A screening and antibiotic treatment regimen for methicillin-resistant Staphylococcus aureus (MRSA) in children undergoing open airway surgery may be helpful in minimizing MRSA-associated postoperative infections in these patients, according to a report published in the February issue of Archives of Otolaryngology Head & Neck Surgery.
 
MRSA infection in open airway procedures can be a devastating complication so the development and use of a screening and treatment antibiotic protocol is essential to proactively manage the care of this vulnerable population, the authors write in their study background. The aim of the study was to examine the use of such a protocol, which included antibiotics pre-, peri- and post-operatively.
 
The study by Melissa McCarty Statham, MD, of Emory University School of Medicine, Atlanta , and colleagues included 197 open airway operations in children from January 2007 to March 2009 at the Cincinnati Childrens Hospital Medical Center .
 
The authors found the overall prevalence of MRSA was 32.5 percent, but suggest this is largely attributable to the characteristics of the children they studied because a large percentage were premature and had other serious health problems. They note previous reports have suggested MRSA colonization may be greater in patients who are frequently hospitalized and who have had frequent exposure to antibiotics.
 
During the study period, there were no MRSA-associated postoperative infections in patients treated according to our antibiotic protocol, which is consistent with reported findings in other studies, the researchers comment.
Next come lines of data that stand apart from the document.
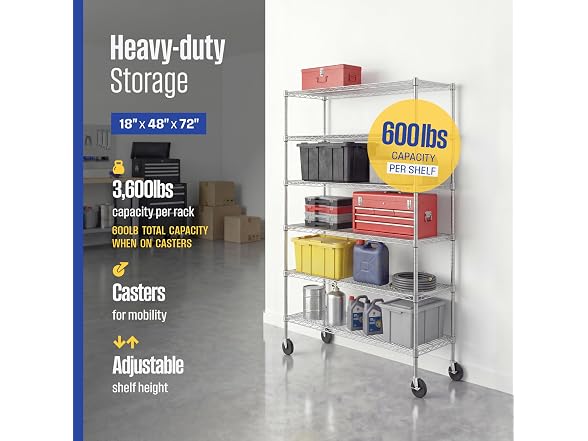SafeRacks NSF 6-Tier Steel Wire Rack w/Wheels (18"x48"x72")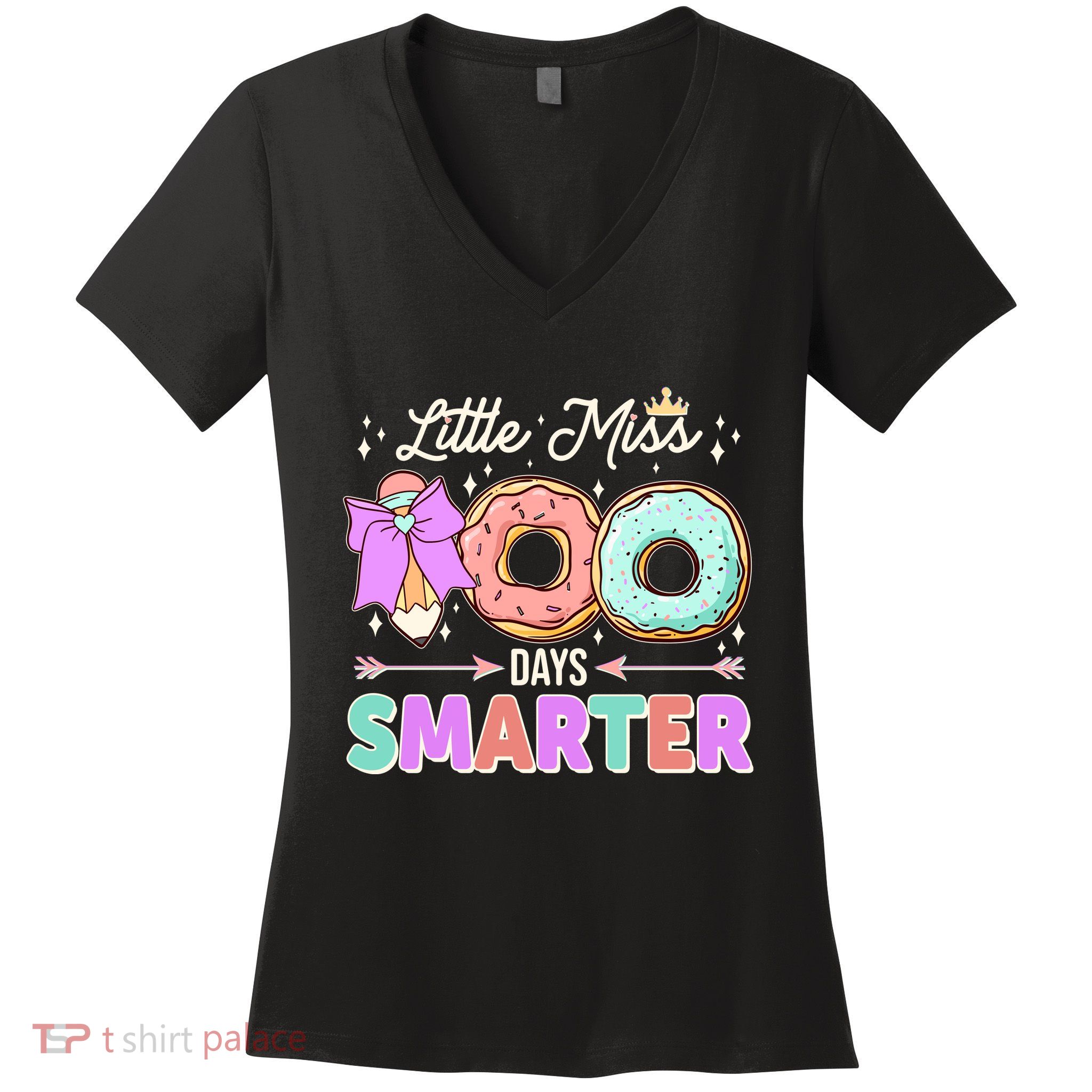 Cute Little Miss 100 One Hundred Days Smarter Women's V-Neck T-Shirt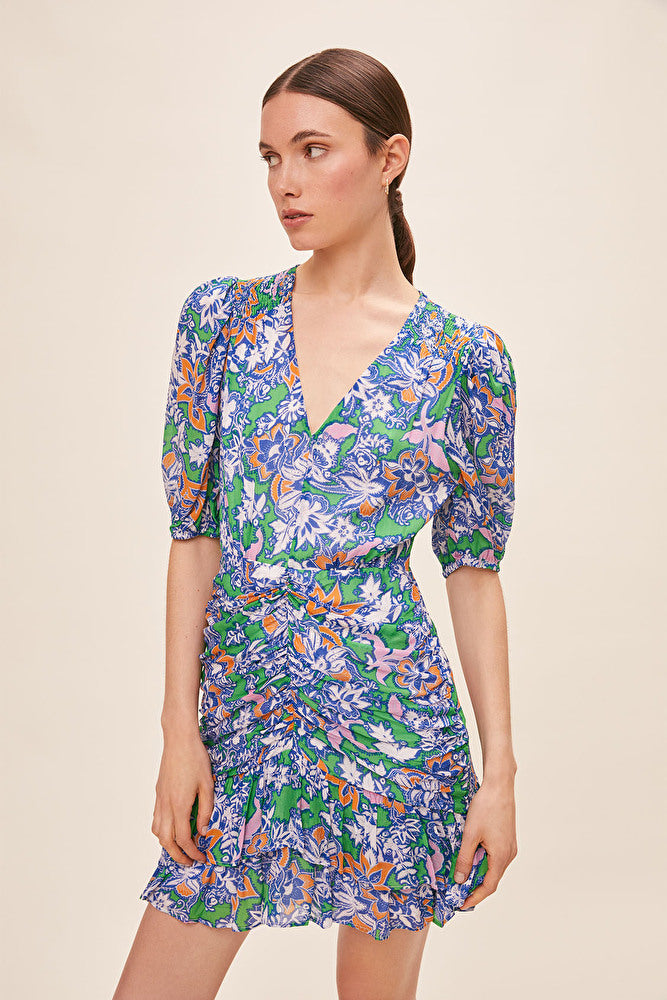 Suncoo Clarine Floral Print Short Dress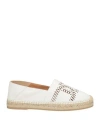 Tod's Woman Espadrilles White Size 6 Leather In White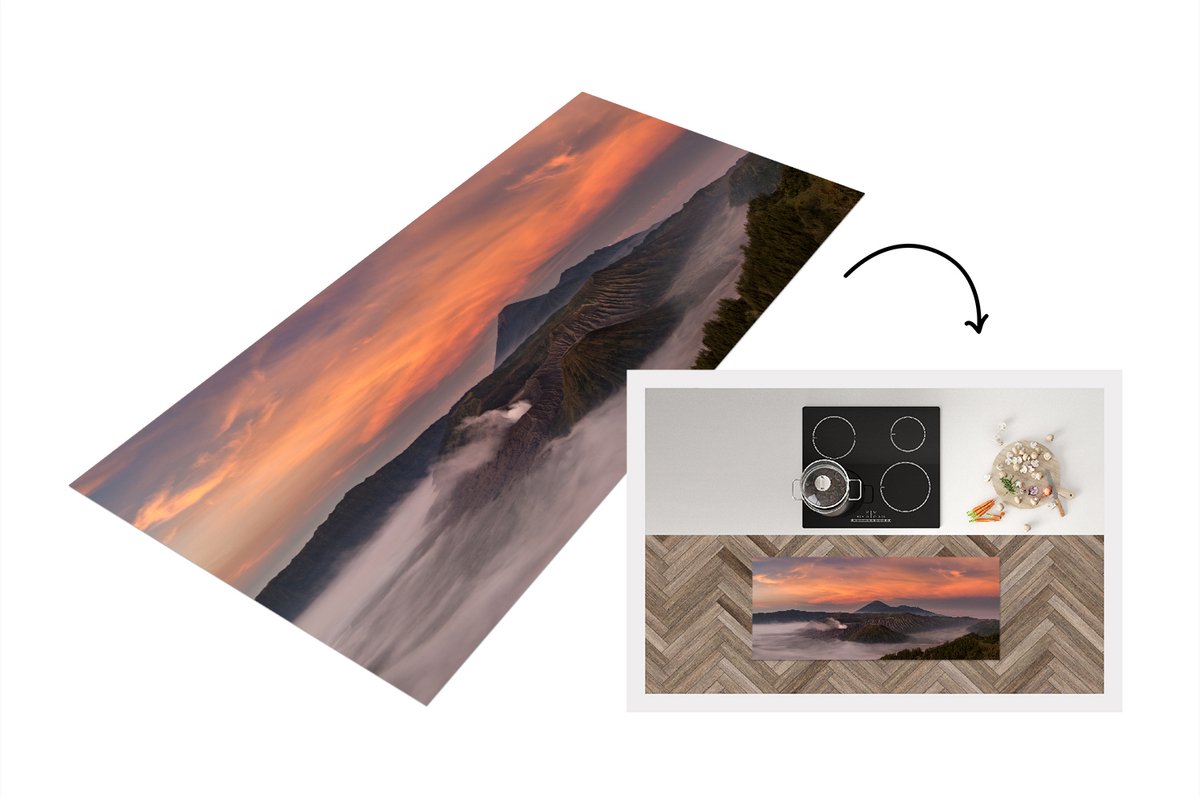 KitchenYeah Keukenloper - Loper keuken - Bromo bij zonsondergang - 120x50 cm - Keukenloper vinyl Multicolor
There also were no graft losses or dehiscence (the opening of a surgical wound) in patients who were MRSA-colonized.
 
Researchers note that three cases of postoperative MRSA infection occurred in patients who were previously MRSA negative, suggesting that MRSA was acquired during hospitalization. Two patients treated according to the protocol experienced graft loss or dehiscence associated with non-MRS infection.
 
In view of our results, we advise instituting MRSA screening and treatment protocols in patients undergoing airway surgery, the researchers conclude.

Reference: Arch Otolaryngol Head Neck Surg. 2012;138[2]:153-157.